Note that when we check a value, in this case true/false values, we need to understand the output we want. Most of those fields are "missing" fields - they become true if information is not on a record. The Agreement field that allows us to use the Accompaniment status works the other way - if it is true, then we need to use that information. So when returning the flag value for each, we need to be sure it goes in the right order in the IF function.

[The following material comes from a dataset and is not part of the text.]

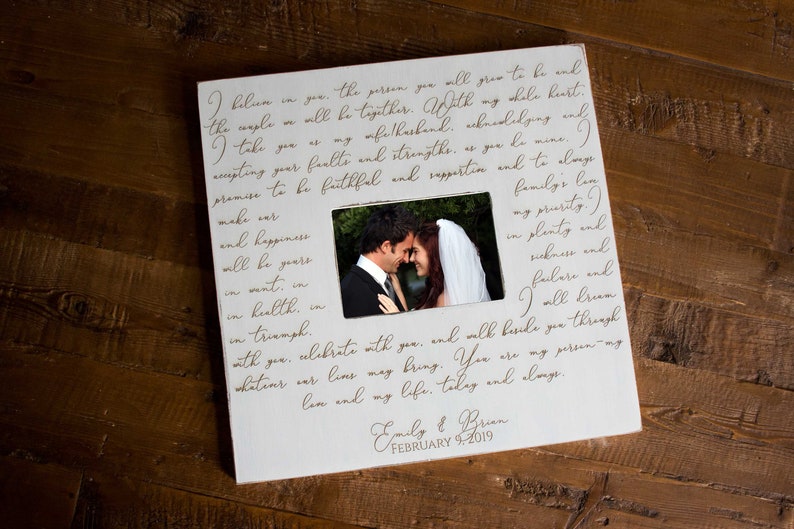 Wedding Vows Picture Frame Art, Custom Wedding Vows, Personalized photo frame, Wedding Gift, Anniversary Gift, Wedding Date Frame image 1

Now, not only is that function more readable, but it is also more flexible. If some states made a rule that only people over 18 could volunteer, we could integrate that by simply adding other cases with just one line, rather than re-writing a complex flow of IF statements:

CASE(
IF(History_Check_NSOPW_Missing__c, 0, 1)
+ IF(History_Check_Service_State_Missing__c, 0, 2)
+ IF(History_Check_Residence_State_Missing__c, 0, 4)
+ IF(History_Check_FBI_Missing__c, 0, 8)
+ IF(History_Check_Acknowledgement_Missing__c, 0, 16)
+ IF(Agreement__r.State_Policy_Accompaniment_Allowed__c, 32, 0)
+ IF(AND(History_Check_Is_Minor__c, Agreement__r.State_Policy_Minors_Disallowed__c), 0, 64)
,
    33 + 64, "Accompaniment",
    57 + 64, "Non-Accompaniment (State Cleared)",
    51 + 64, "Non-Accompaniment (FBI Cleared)",
    53 + 64, "Non-Accompaniment (FBI Cleared)",
    55 + 64, "Non-Accompaniment (FBI Cleared)",
    15 + 64, "Acknowledgement",
    47 + 64, "Acknowledgement",
    31 + 64, "Training and Service",
    63 + 64, "Training and Service",
"None")

If the minor is blocked from serving, none of the values will match allowed status values, so they will default to none. We didn't have to rewrite any IF logic and can even implement other statuses just by matching a number to the output we want our formula to have!

Power to the People

By using the Power of Twos, we can have an extremely flexible solution to complicated outcomes. It can take a little rewiring and thinking ahead about how to map the values, but once your flags are set you can easily manage a wide array of situations. Though the Power of Two is a little more involved than the Power of One, it is a handy tool to have in your belt as you build your formulas!

Adden-dumb

The more I thought about this way of doing things, the more I liked it. I like the math-iness and getting to talk about binary. But then it hit me, you can do this with plain old letters too, and with better readability! A word of warning, the reason binary works so well is that it has a clearly defined difference of values - when we go to use letters, we'll have to do the same! Basically, all we really have to do is build our map with single letters (which might be the first letter of the test case or some other more meaningful signifier), and then check our match from there. So to rewrite the formula above:

CASE(
IF(History_Check_NSOPW_Missing__c, '', 'n')
+ IF(History_Check_Service_State_Missing__c, '', 's')
+ IF(History_Check_Residence_State_Missing__c, '', 'r')
+ IF(History_Check_FBI_Missing__c, '', 'f')
+ IF(History_Check_Acknowledgement_Missing__c, '', 'a')
+ IF(Agreement__r.State_Policy_Accompaniment_Allowed__c, 'p', '')
+ IF(AND(History_Check_Is_Minor__c, Agreement__r.State_Policy_Minors_Disallowed__c), '', 'm')
,
    'np', "Accompaniment",
    'nsr', "Non-Accompaniment (State Cleared)",
    'nfb', "Non-Accompaniment (FBI Cleared)",
    'nfbp', "Non-Accompaniment (FBI Cleared)",
    'nfbpm', "Non-Accompaniment (FBI Cleared)",
    'nsrf', "Acknowledgement",
    'nsrfpm', "Acknowledgement",
    'nsrfa', "Training and Service",
    'nsrfapm', "Training and Service",
"None")

As long as you use each letter only once in your map, and you make sure you put them in order in your matching step, you can use letters and tell right away what a given state covers, and what it doesn't. I'll even admit, when I did this I realized there are a few more cases I need to cover, because some letters were missing.

So, if you like math, the Power of Two is here to help - but if you like letters, you can use that Power, Too.